- Title: Rex of the Sclaveni

= Musokios =

6th century Slavic ruler

Musokios was a 6th-century Sclaveni rex that ruled around 593, during Maurice's Balkan campaigns, mentioned by Theophylact Simocatta.

==Raid on Ardagast==
Ardagast, a commander of Musokios, was sent and raided Thrace, which prompted Emperor Maurice to deal with the Sclaveni - sending an army with commander-in-chief Priscus and infantry commander Gentzon to cross the Danube at Dorostolon (present-day Silistra) and surprise attack the Slavs in their own territory (as the Slavs had long been pillaging the Byzantine Empire). In 593 the Army arrived at the Slavic camp at midnight, surprising the Slavs who fled in confusion, Ardagast fell on a tree stump and was almost captured, but luckily he was near a river and eluded the caption.
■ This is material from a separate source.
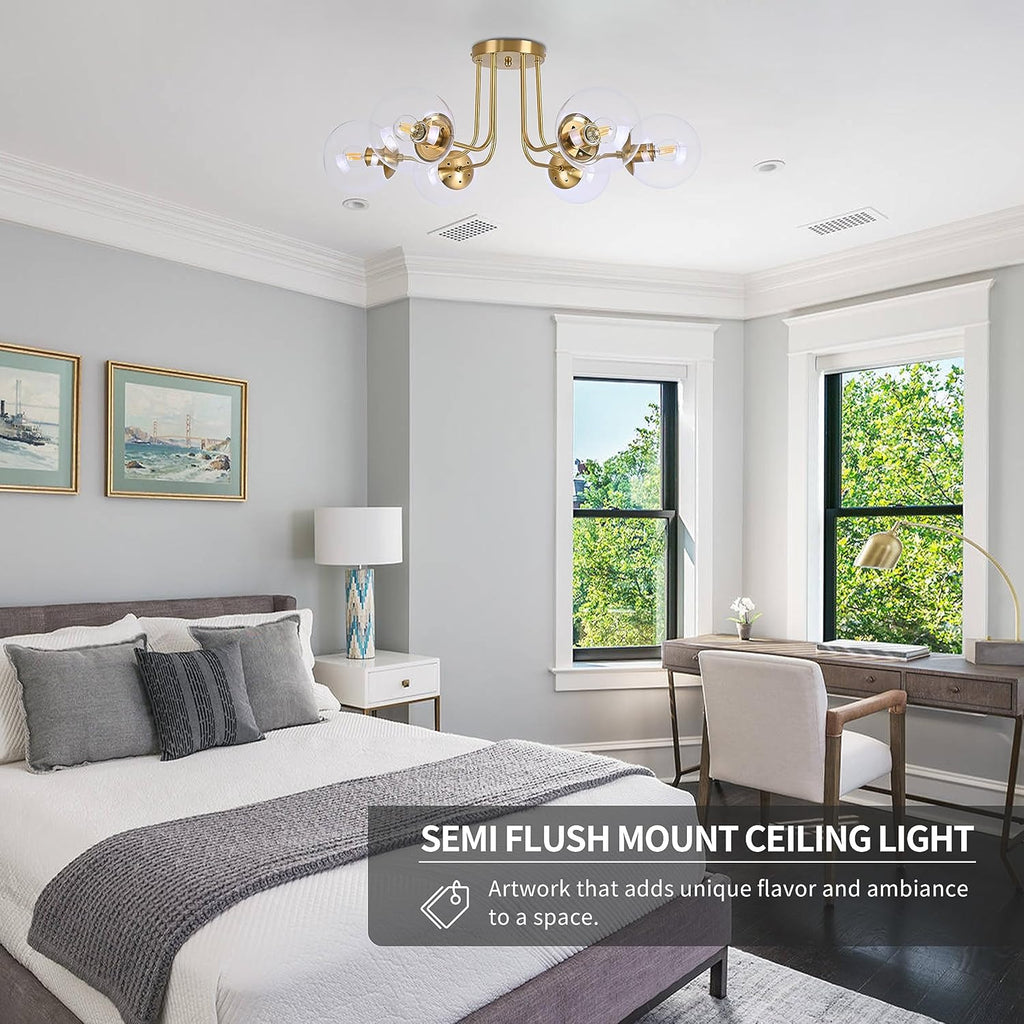 KoKo&Yukina 6-Light Mid Century Ceiling Light Modern Semi Flush Mount Ceiling Light Fixture Globe Ceiling Light with Clear Glass Shade Brushed Brass Finish for Bedroom Hallway Dining Room Living Room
Priscus sent his lieutenant Alexander across the Helibakion (Ialomiţa River) to find Slavs who were hiding in the woods and swamps, they failed to burn out the people hiding, but a Gepid Christian who was associated with the Slavs deserted and showed a secret passage after which the army easily captured the Slavs, who according to the Gepid, subjects of rex Musokios (distant three days of marching).

==End==
When lieutenant Alexander returned with the Gepid and captives, the Gepid received handsome presents and arranged a strategy to bring Musokios and his army into the hands of the Byzantines. The Gepid contacted Musokios and asked him to send a transport across the Paspirion river for the remaining army of Ardagast, Musokios assembled 150 monoxyles and 30 oarsmen which crossed the river. Meanwhile, Priscus approached the banks and met with the Gepid and arranged an ambush with 200 men in the guidance of Alexander (with additional 3,000 men crossing the river).

On the following night, the boatmen were heavily intoxicated of wine and fell asleep. The Gepid gave the signal and the Slav colony was slaughtered, with the boats taken into Byzantine possession and filled with 300 soldiers heading towards Musokios. A funeral ceremony of the brother of Musokios took place at the camp, with the people, as the boatsmen, being heavily intoxicated. Musokios was surprised and taken alive, a massacre lasted til the morning. Some Slavs escaped and managed to destroy a good part of the army led by Gentzon, as a result, Priscus hanged the negligent guards.